Obvious mistake of the day ….
I was making minor cosmetic changes on a production job on a test computer and none of the data for the current week were being selected. This is bad. It kept reading only 20 observations. I reviewed the code for a subsetting IF statement or other logic that would delete all but 20 observations. Nope, looked fine. It was supposed to read the records in the last week:
If rec_day > today() – 8 then do :
Using the SAS function today() and then doing a bunch of stuff.
I created a null dataset and put the value of today() to my SAS log
Data _null_ ;
set odd_data ;
put “Record Day = ” rec_day ;
put “Today = ” today () ;
Only 20 records were printed and sure enough, none of them were within the last week. The value of today() was exactly what it should be.
Then, it dawned on me in one of those moments where you slap your head and can’t believe you missed it. Earlier in the day, I had been running another job trying to format some output to be exactly right. Since I didn’t want pages of output, I had set
options obs = 20 ;
I had just closed the old program, opened the new one and kept on going.
My code was fine, the options were still in effect. I re-set
options obs = max ;
and life was good again.
I have been asked several times by students in my classes if I would consider writing a blog on statistics and statistical programming. Apparently, blogs are “in” with people younger than me, as witness daughter #2 at left who has just informed me that people do not use the term “in” any more. Whatever.
Giving it some thought, I could see three advantages to a blog on statistics, statistical software and common errors.

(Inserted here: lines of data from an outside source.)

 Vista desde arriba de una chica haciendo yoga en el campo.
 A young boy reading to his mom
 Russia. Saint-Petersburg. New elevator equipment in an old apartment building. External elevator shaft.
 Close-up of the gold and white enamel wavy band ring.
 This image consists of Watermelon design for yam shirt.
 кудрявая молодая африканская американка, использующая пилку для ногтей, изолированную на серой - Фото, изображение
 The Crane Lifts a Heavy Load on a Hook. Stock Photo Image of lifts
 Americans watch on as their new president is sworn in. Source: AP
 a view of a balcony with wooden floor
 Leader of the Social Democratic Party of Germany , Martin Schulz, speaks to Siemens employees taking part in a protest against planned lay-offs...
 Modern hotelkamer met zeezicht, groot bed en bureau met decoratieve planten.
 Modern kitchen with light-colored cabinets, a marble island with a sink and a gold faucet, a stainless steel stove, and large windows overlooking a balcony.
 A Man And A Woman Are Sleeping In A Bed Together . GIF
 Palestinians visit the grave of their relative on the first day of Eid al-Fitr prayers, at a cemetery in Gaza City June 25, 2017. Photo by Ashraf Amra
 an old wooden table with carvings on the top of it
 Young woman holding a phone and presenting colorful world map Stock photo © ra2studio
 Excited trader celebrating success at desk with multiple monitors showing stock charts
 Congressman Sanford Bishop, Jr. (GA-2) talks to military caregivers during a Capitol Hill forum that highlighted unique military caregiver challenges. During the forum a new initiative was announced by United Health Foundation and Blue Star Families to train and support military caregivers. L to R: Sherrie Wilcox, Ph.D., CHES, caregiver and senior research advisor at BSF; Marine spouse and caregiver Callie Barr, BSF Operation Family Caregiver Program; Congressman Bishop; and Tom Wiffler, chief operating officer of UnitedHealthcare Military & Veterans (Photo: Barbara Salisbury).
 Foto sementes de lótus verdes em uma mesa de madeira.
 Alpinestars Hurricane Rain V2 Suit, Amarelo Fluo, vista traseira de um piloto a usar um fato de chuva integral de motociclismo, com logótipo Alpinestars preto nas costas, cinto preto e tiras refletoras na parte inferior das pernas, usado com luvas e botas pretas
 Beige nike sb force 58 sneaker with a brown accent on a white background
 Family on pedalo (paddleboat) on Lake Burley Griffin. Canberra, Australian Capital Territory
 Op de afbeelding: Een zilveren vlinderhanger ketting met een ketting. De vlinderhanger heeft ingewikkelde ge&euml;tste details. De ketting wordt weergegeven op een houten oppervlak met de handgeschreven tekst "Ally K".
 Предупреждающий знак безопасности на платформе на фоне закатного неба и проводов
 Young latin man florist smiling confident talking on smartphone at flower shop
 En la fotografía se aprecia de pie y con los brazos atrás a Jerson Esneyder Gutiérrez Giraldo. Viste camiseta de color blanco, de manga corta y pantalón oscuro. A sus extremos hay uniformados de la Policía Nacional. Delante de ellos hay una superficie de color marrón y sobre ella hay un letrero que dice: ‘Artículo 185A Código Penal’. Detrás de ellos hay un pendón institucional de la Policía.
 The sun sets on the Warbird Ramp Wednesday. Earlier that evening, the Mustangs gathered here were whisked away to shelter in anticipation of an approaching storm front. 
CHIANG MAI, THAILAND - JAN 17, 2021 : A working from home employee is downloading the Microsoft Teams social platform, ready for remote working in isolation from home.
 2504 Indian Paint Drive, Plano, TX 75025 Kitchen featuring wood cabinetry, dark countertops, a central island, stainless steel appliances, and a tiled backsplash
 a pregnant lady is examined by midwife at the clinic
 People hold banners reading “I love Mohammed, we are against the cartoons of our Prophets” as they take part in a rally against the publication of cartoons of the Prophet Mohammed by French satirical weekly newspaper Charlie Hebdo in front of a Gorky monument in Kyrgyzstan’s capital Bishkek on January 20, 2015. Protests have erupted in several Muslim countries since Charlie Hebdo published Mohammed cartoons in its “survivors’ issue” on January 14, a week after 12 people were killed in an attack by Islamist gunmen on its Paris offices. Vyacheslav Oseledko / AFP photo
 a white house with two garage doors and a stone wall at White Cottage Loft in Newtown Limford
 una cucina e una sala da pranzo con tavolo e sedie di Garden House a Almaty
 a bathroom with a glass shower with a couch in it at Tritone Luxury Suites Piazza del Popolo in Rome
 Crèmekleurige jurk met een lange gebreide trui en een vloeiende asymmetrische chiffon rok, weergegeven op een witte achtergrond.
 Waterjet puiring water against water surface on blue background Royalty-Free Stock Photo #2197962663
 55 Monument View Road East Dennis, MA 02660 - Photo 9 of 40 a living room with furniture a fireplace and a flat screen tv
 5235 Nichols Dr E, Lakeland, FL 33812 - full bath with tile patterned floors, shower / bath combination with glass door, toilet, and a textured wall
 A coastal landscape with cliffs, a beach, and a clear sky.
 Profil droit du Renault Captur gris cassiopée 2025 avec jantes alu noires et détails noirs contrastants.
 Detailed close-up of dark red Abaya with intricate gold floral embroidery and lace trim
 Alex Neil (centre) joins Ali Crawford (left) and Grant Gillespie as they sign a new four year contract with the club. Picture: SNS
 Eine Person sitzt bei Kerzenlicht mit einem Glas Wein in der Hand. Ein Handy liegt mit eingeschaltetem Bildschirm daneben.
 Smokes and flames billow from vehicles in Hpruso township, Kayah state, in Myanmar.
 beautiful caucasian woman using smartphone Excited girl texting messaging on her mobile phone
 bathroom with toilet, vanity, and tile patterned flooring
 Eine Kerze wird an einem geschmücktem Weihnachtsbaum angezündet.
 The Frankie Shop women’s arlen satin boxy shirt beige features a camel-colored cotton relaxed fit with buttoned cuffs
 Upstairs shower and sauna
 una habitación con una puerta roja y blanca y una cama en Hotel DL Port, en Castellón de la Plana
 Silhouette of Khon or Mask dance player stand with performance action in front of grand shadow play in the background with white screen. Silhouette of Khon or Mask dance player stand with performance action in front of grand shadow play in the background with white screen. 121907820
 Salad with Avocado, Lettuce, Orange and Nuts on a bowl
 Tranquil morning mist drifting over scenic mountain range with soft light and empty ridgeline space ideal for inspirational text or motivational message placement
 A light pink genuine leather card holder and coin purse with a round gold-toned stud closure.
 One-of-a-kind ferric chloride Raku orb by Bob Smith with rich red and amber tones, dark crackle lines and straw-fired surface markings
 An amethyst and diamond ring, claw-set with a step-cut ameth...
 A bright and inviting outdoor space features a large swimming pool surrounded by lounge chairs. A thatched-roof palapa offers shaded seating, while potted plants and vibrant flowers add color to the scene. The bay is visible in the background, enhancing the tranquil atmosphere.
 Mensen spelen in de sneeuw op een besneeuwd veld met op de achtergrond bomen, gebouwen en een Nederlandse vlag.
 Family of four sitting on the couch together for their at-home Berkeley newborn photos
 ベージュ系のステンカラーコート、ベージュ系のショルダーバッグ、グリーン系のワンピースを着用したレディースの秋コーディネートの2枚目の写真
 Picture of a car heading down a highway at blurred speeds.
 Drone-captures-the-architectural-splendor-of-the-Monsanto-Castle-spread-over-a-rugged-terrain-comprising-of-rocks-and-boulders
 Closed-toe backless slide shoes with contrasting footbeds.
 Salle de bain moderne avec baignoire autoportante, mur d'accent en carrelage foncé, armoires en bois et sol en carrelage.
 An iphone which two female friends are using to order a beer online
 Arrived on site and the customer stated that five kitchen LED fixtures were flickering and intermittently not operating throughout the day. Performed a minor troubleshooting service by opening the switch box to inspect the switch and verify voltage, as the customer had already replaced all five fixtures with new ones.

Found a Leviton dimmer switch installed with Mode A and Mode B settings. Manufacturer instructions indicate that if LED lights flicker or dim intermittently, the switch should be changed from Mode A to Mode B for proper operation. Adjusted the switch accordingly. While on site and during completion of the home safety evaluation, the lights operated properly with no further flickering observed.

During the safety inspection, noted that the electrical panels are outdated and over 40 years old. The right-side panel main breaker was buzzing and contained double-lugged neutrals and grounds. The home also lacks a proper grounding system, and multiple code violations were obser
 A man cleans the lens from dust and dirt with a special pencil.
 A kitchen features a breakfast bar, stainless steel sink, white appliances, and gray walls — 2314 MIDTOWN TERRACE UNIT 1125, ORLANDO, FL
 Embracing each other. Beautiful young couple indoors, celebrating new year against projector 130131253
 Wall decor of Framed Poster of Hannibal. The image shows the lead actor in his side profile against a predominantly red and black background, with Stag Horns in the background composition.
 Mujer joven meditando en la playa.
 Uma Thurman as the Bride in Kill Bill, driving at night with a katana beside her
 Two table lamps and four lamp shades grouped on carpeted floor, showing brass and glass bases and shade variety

- Even after twenty-five years of experience, I am still making mistakes every day, so there will be no shortage of topics.
- It may help to dispel the myth that some people cling to that math, statistics and computer programming is something that you are either good at or not, the sole domain of those whos brains work differently than the normal people. On the contrary, I would say that these are both areas where I am very good and where I learn every day. These two are related.
- Speaking of the whole learning thing, it is possible that one could learn from reading a blog on other people’s mistakes. In fact, I have now added to my infinite to-do list, “Find blogs of other people’s mistakes.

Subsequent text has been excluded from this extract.